[Python black technology] lxml library crawler actual combat - crawling famous saying sentences controlled by sentences (nanny graphics + implementation code)

Welcome to pay attention "Python black technology" series , continuously updating
Welcome to pay attention "Python black technology" series , continuously updating

Realization effect

Crawling content

csv file obtained

Realization idea

  • Import related libraries used
  • Analyze and get the url of crawling keywords
  • Get a random user_agent (use of headers)
  • Visit the web page and crawl the sentence - the author of the sentence - the source of the sentence, and encapsulate these three contents into a two-tier list
  • Save the list in csv file and persist it

Import related libraries used

import requests
from lxml import etree
import csv
import random

Analyze and get the url of crawling keywords

We search keyword programmers

The url obtained is https://www.juzikong.com/s?q= programmer

Try several other keywords.
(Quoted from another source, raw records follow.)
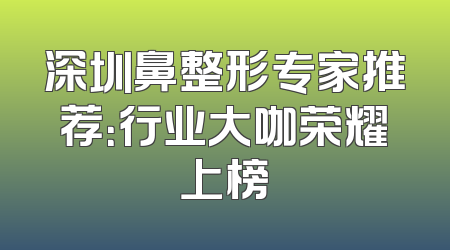 深圳鼻整形专家推荐：行业大咖荣耀上榜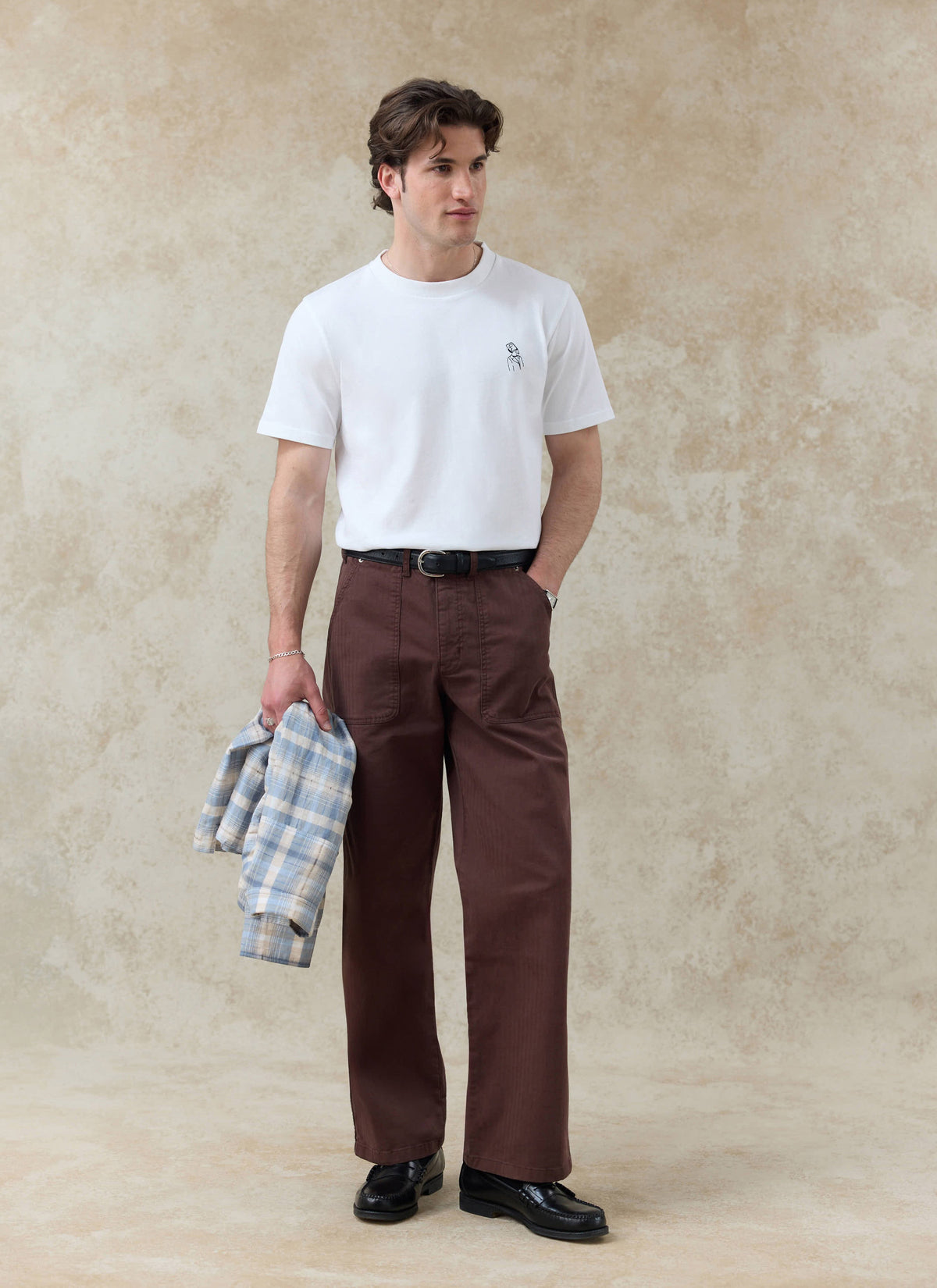Men's White Embroidered T Shirt - Robinson - Cotton | Percival Great Value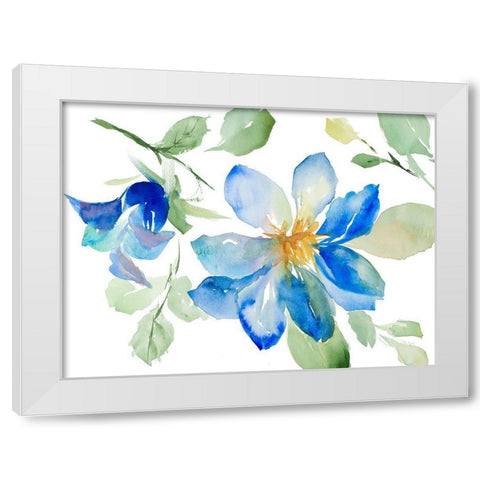 Clematis in Blue Shades White Modern Wood Framed Art Print by Loreth, Lanie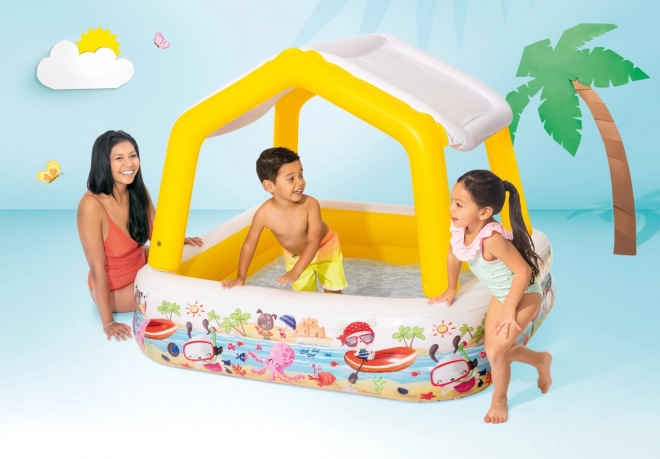 57470NP Piscine avec toit ensoleillé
When you know that q = has been modified, the programmer will search for other keywords and find the crawler key of this keyword after analysis

Because of the coding problem, the programmer converted three words into% E7%A8%8B%E5%BA%8F%E5%91%98

#https://www.juzikong.com/s?q= programmer  
#Because the url code needs to be changed, if you copy and paste it from the browser, it will automatically become the following result - > 
url = "https://www.juzikong.com/s?q=%E7%A8%8B%E5%BA%8F%E5%91%98"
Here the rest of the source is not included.